Par contre, un revenu d’existence, dans le sens que lui avait d’ailleurs donné Beveridge dans le cadre d’un état social, peut prendre consistance par l’universalisation des régimes de protection sociale comme c’est le cas actuellement pour les allocations familiales. On pourrait l’étendre à d’autres régimes. Une augmentation de minima sociaux, une diminution du temps de travail et de la durée de l’activité et des pensions décentes permettraient le développement d’une sphère d’activités libres, créatrices de valeurs utiles à la société et exercées de manière  autonome.

La socialisation du salaire, selon les termes de Bernard Friot, a permis qu’une partie substantielle des revenus des salariés soit détachée du travailleur particulier et redistribuée. La distinction établie entre « le salaire direct » versé au travailleur et « le salaire indirect » formé par les prélèvements sociaux, a permis le financement du non emploi par l’emploi. Les vacances, la santé, la retraite, le chômage, la formation s’inscrivent désormais dans ce processus de socialisation. Le travail ne procure donc pas seulement un revenu, mais aussi des droits sociaux.

SYNTHESE

La proposition d’allocation universelle consiste à verser un montant fixe et inconditionnel à toute personne en remplacement partiel ou complet du système de protection sociale. Elle constitue, selon ses promoteurs, une réponse à la crise de l’état providence.  Elle permettrait d’éradiquer le chômage, de lutter contre l’exclusion et rendrait possible le développement d’activités libres, autonomes et désintéressées.

Remplacer un système de protection sociale financé principalement par les cotisations et reposant sur la solidarité salariale par une rente versée par l’état et financée par la fiscalité apparaît comme une machine de guerre contre l’état social affublé des pires défauts par ses détracteurs. De plus, un montant versé de manière inconditionnelle à toute personne ne peut être que médiocre sans pouvoir assurer l’indépendance économique des bénéficiaires. Ceux-ci seraient obligés d’accepter du travail à n’importe quel prix pour arrondir leur allocation. Il en résulterait une dégradation du marché du travail et la prolifération de « boulots » mal payés.  En détachant le revenu de base du travail, le revenu inconditionnel contribue à institutionnaliser, selon les termes de Robert Castel, « le précariat ».

Il importe d’abord de renforcer les minima sociaux, à savoir le revenu d’insertion et la grapa, ainsi que l’allocation de chômage à condition de les réformer et de les adapter à l’évolution du bien être. Ensuite, la mise en place d’un revenu maximal serait un moyen d’intégrer les ultrariches dans la société.
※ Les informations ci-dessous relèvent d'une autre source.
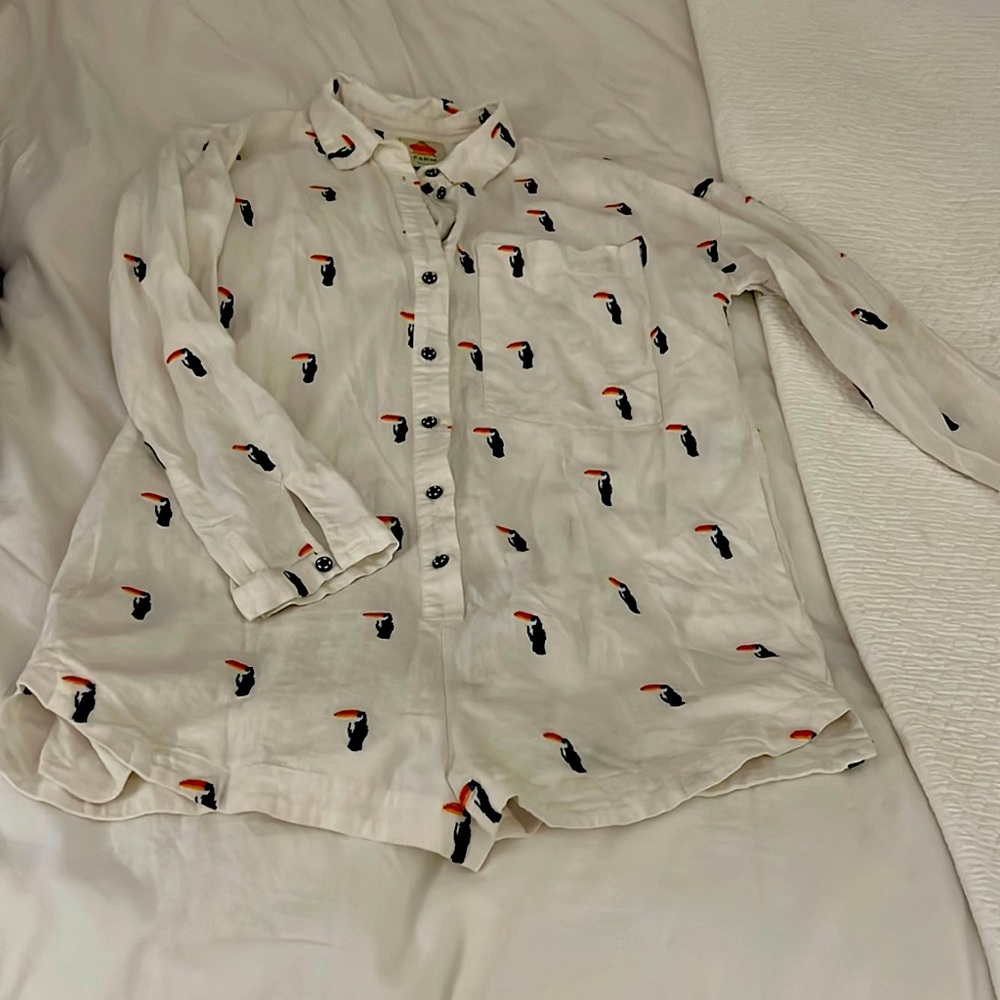 Farm Rio Toucan Romper size Medium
La socialisation du salaire a permis qu’une partie substantielle des revenus des salariés soit détachée du travailleur particulier et redistribuée. Les vacances, la santé, la retraite, le chômage, la formation s’inscrivent désormais dans ce processus de socialisation. Le travail ne procure donc pas seulement un revenu, mais aussi des droits sociaux.



[1] Avec Paul-Marie Boulanger et Philippe Defeyt. Voir à ce sujet, Yanick Vanderborght et Philippe Van Parijs, L’allocation universelle, La Découverte, Repères, Paris, 2005.

[2] Jean-Marc Ferry, L’allocation universelle. Pour un revenu de citoyenneté, Ed. du Cerf, Paris, 1995.

[3] Vincent Liegey, Stéphane Madelaine, Christophe Ondet et Anne-Isabelle Veillot, Un projet de décroissance. Manifeste pour une dotation inconditionnelle d’autonomie, Ed. Utopia, Paris, 2013.

[4] Guy Vanthemsche, Le Chômage en Belgique, Labor, Bruxelles, 1994.

[5] Bernard Friot, Puissances du salariat, La dispute, Paris, 2012.

[6] François Ewald, L’état providence, Grasset, Paris, 1984.

[7] Christophe Joyeux et Isabelle Terraz, « un système d’allocation universelle en Belgique ? », Cahiers économiques de Bruxelles, N° 160, 1998. Voir aussi à ce sujet : Anthony B Atkinson, « Public Economics in Action, The Basic Income/Flat rate proposal, The Lindahl Lectures, Clarendon Press Oxford, 1995 ; et Conseil Central de l’Economie, « Allocation universelle et réalité économique », Lettre Mensuelle socio-économique, N°40, 1999.

[8] Robert Castel, « Réduire les écarts de revenu pour réduire la cassure de la société », Libération, 27/1/2012.